I want a ksh script that parse two files (text files, actually my original files are .xls) - input data:
- one file file1 containig lines separated by spaces (or other delimiter)
- 2nd one file2 contain only one numerical value in a line (for simplicity but it might of the same form as the 1st)
- I know the 2nd value in file1 is also numerical and some of them can be found in file2
Output data:
The result should be a file that contains from the file1 only those lines whose 2nd field cannot be found in any line of file1.
I know this is easy, but I am too tired after a full hard working day so an expert can fix it in a minute.
I think it can be done in one line (complex?) command either....
sample input files AND desired output based on sample input PLS!
An example of line in file1 is like:
GAGLIARDI 7 GILBERTO TREZZANO - DG 30450 3TECH 3TECH 3TECH
All the lines are of this form.
Column 2 is interesting for me.
file2 might contain in one line only a number let's say 7:
- then do not output the line,
otherwise if 7 does not exist in file2
- then output the line (in a file).
At this moment both files are some .xls containing the same columns.
Both files contains thousands of lines...
a sample for file2, pls!
What do you consider a 'column' in file1 and file2?

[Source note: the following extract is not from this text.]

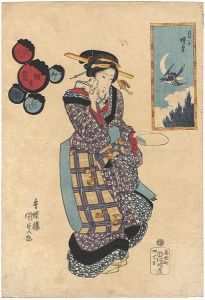 Kunisada I / Collection of Fashionable Pairings / Moon and Cuckoo [新板風流相生尽　卯春　月に時鳥]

In your sample file1, the 2-nd column has a value '7'. Is that correct?
A line in file1:
GAGLIARDI 743 GILBERTO TREZZANO - DG 30450 3TECH 3TECH 3TECH
A line in file2:
GAGLIARDI 743 GILBERTO TREZZANO - DG 30450 SupportCRM TeamLead 3TECH
assuming file1 and file2 are of the same format:
nawk 'FNR==NR {file2[$2];next} !($2 in file2)' file2 file1
I think the code should be:
nawk 'FNR==NR {file2[$2];next} !($2 in file1)' file2 file1
But I've checked on the test machines I am allowed to write and run scripts and there I cannot use nawk / not installed but awk is allowed:
ttss...@hk... /home/ttss...> nawk 'FNR==NR {ff2[$2];next} !($2 in ff1)' ff2 ff1
ksh: nawk: not found